Over the next few weeks, I learned I suffered from Type 2 Diabetes, acid reflux disease, sleep apnea, an enlarged heart, the onset of kidney failure, lumbar spondylosis, anemia, asthma, arthritis of both knees, hyperlipidemia, and an extensive list of very embarrassing female disorders…all caused by morbid obesity.
There was only one fix for me. Gastric Bypass surgery. People that haven’t had the surgery, or are not involved with this procedure think it’s the easy way out..it’s not really healthy. I find myself shaking my head and feeling so sorry for them when I hear it spoken. WLS (Weight loss surgery) is the hard way out. The surgery, sure, it was easy. Lay on the bed, take out the stomach, make it a pouch, sew you up and VOILA….you’re thin. What a joke. Not even close.

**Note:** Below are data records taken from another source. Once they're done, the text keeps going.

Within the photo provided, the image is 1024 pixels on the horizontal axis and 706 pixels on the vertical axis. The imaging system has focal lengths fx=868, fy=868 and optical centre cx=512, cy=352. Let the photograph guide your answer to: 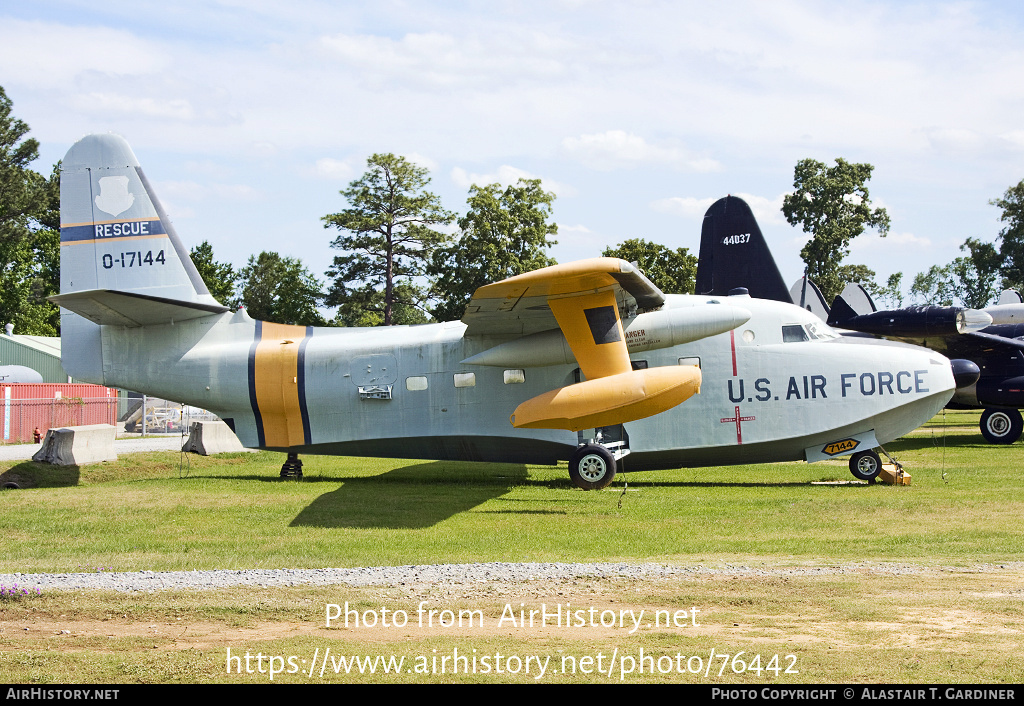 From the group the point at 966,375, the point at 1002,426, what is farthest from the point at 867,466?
the point at 1002,426

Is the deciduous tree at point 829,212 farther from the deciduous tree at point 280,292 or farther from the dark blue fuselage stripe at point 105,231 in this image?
the dark blue fuselage stripe at point 105,231

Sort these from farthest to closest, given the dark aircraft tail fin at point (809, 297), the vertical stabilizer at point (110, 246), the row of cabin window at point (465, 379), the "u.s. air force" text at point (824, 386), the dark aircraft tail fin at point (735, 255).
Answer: the dark aircraft tail fin at point (809, 297) < the dark aircraft tail fin at point (735, 255) < the vertical stabilizer at point (110, 246) < the row of cabin window at point (465, 379) < the "u.s. air force" text at point (824, 386)

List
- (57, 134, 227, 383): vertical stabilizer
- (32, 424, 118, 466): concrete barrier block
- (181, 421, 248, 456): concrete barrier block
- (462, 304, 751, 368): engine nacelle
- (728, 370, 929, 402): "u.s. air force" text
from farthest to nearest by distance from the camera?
(181, 421, 248, 456): concrete barrier block, (32, 424, 118, 466): concrete barrier block, (57, 134, 227, 383): vertical stabilizer, (728, 370, 929, 402): "u.s. air force" text, (462, 304, 751, 368): engine nacelle

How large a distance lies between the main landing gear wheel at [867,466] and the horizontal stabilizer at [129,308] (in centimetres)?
1223

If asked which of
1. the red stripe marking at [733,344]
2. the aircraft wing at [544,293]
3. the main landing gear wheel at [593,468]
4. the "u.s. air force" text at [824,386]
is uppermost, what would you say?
the aircraft wing at [544,293]

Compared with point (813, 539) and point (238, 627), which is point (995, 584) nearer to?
point (813, 539)

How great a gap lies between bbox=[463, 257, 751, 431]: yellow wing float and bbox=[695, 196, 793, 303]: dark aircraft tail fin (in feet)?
28.4

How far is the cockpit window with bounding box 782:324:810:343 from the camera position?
1594cm

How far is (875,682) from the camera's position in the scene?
5.42 metres

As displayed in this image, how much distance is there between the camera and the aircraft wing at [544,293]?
12664 mm

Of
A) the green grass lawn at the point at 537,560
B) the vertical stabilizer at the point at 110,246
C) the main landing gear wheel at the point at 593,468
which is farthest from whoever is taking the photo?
the vertical stabilizer at the point at 110,246

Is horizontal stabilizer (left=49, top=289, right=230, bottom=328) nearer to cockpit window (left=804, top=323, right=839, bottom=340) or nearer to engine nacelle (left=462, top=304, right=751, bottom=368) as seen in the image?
engine nacelle (left=462, top=304, right=751, bottom=368)

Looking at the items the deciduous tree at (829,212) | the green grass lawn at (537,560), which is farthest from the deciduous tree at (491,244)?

The surgery is the easy part. Preparing for it took 8 months. 8 months of testing, education, psych evals, more testings, dieting, proving to myself I could and would be committed to this lifestyle change. On June 9, 2009, my life changed. Surgery performed at the Naval Medical Center in San Diego. I was up and walking within a few hours. I was on my way.
What you don’t find out until after surgery is how your body will respond. I followed every detail. I drank an ounce here, an ounce there, sipped water, ate this, ate that, only what was on my menu; nothing more, nothing less; took my supplements, drank my protein shakes, had my mush. I was on my way!!! I was determined I was going to lose weight. I was going to win the battle over my body.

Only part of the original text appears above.